7.- For every line and its substitution line/lines:

7.1.- Find the the original line in the code

7.2.- Substitute the original line with the substitution line

7.3.- Build Northstar

7.3.1.- If the build fails, we return because this line was necessary.

7.4.- Build Run Northstar tests

7.4.1.- If at least one of the tests fail, we return because this line was necessary.

7.4.2.- If the tests hung, we treat it as if the tests failed. (see later)

7.5.- If both 7.3 and 7.4 finished with OK then the original line was not covered by any test

8.- Compute % between all the lines tested and all the lines not covered.

Details of the solution and some tips

Many parts of the algorithm above can be tricky:

1.- Git diff (step 4)

What we want is to know is the exact diff between commit X and the commit before it. With this in mind, it is important to have a commit history as linear as possible. Using git rebase often may do the job (we default git pull to use the -r option). In case we don’t have a linear history, then the operation ‘git diff X~1 X’ will give us inaccurate code to test. This can happen when, for example, we are asking for a diff between a normal commit and a merge commit.

2.- Line substitution (step 6.1)

Here comes one of the trickiest part in this project: trying to parse C++, understanding it, and replacing the code by one specially crafted for the occasion.

The most common case is replacing a normal C++ line of code with a blank line (or a comment line ‘//—’ in case we are debugging). The problem with this approximation is that it does not work everywhere. For example, what happens if the statement line is split across multiple lines? In our solution, we use a combination of regex helpers and more complex C++ parsers.

With conditionals, what we want to do is force them to be active or inactive, this is why when we find an IF statement, we replace them with two possible lines: ‘if (true) {‘ and ‘if (false) {‘

This two scenarios tell us if there is any ‘test’ exercising the opposite of the line we are mutating.  For example, if we substitute ‘if (true) {‘ and after compiling the project and running the tests everything is reported as OK, then we can be sure that no ‘test’ covers the feature that is represented in code by this IF statement.

In the same way, when we find a FOR statement, we replace it depending on the type:

A normal FOR statement will be replaced by:

     for(;false;) {

A C++11 FOR statement with the form for(<variable> : <container>) will be replaced by:

for(<variable> = *(<container>.begin()); false; ) {

These are some methods of replacing IF and FOR statements to force them to be disabled or not. Again, keep in mind that parsing C++ is very difficult, and this code can be improved in many different ways.

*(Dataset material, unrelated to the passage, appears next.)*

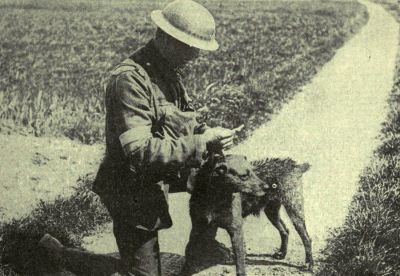 british-outpost-reading-message-delivered-by-messenger-dog.jpg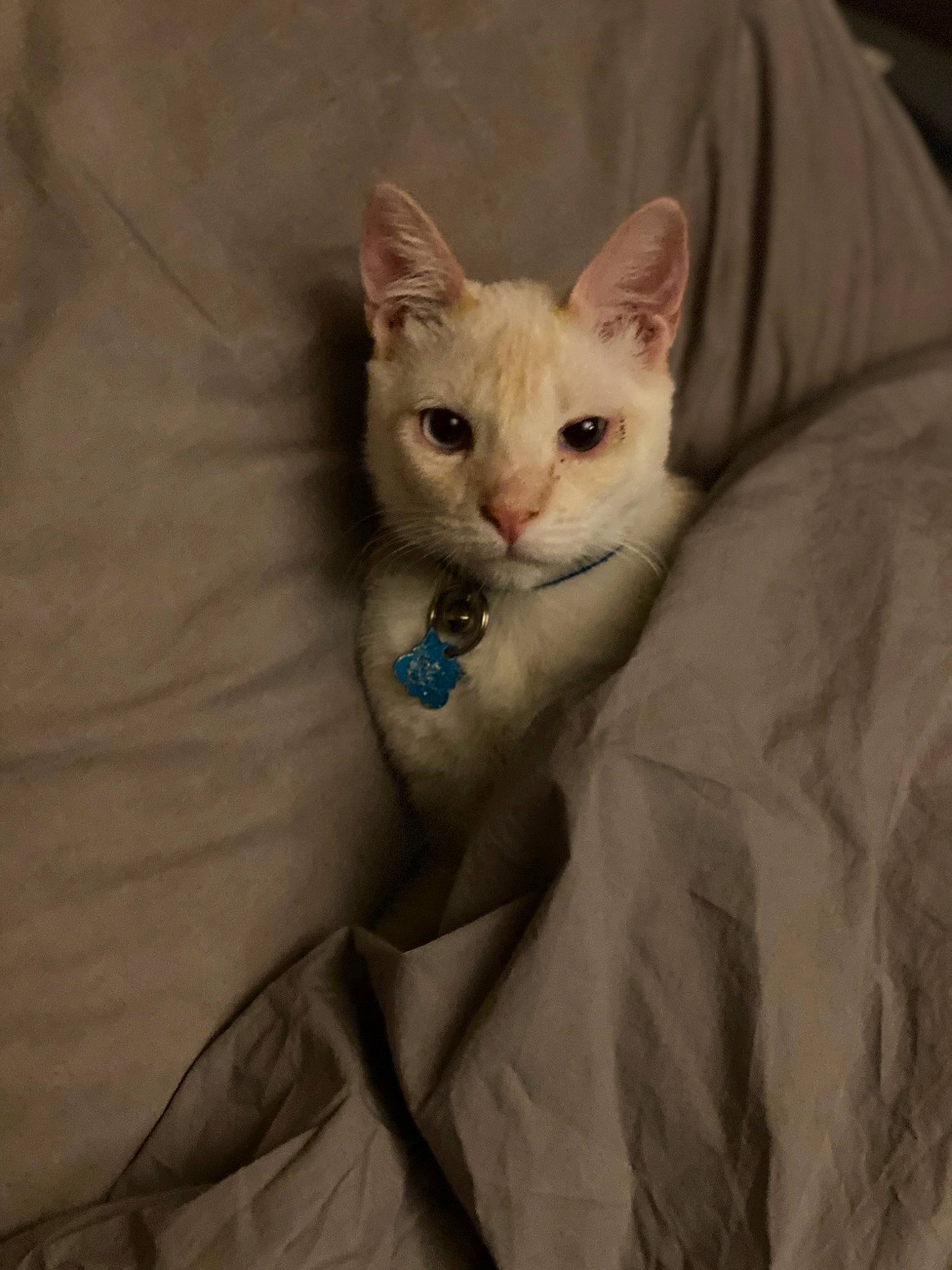 Bluey is registered to the contest to win money with this photo: carnivore, cat, comfort, domestic_short_haired_cat, ear, fawn, felidae, fur, paw, small_to_medium_sized_cats, snout, tail, terrestrial_animal, whiskers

A special point about FOR statements: There is the possibility that we will replace a line of code inside the body that will make it loop forever. This is why we have a timeout while running the tests, because they may hang forever. If this is the case, wes hould treat this scenarios as if the tests failed when run.

3.- Removing lines (inside step 6.1)

There are many lines we can ignore testing; this is because we know that the code will fail to compile if we remove them. For example, rules like:

  • Line only contains ‘{‘ or ‘}’
  • Line starts with a common type: int, float, double, char, etc.
  • Line starts with ‘class’ and ends with ‘{‘
  • Line starts with #include

As we can see, we can improve the time of testing a given commit by not testing those lines that will make the compilation to fail or their value is not interesting for us, like ‘#include’.

4.- Parallelization

Due to the nature of these code testing, the process is highly parallelizable. For a given project and a given commit of that project, given N lines we want to test, each of those lines can be tested on a separate machine.

Examples

1.- Simple function

Fig 1: Function onDetach examined

BlogFig1
If we look at Fig 1, we can see some interesting output:

Line 107: If we mutate that line to a comment line, any test will fail.
Line 109: Not tested IF statement.
Line 115: Not tested FOR statement.
Line 117: Not tested IF statement.
Line 118: Line mutated to a comment, any test fail.
Line 121: Line mutated to a comment, any test fail.
Line 124: Line mutated to a comment, any test fail.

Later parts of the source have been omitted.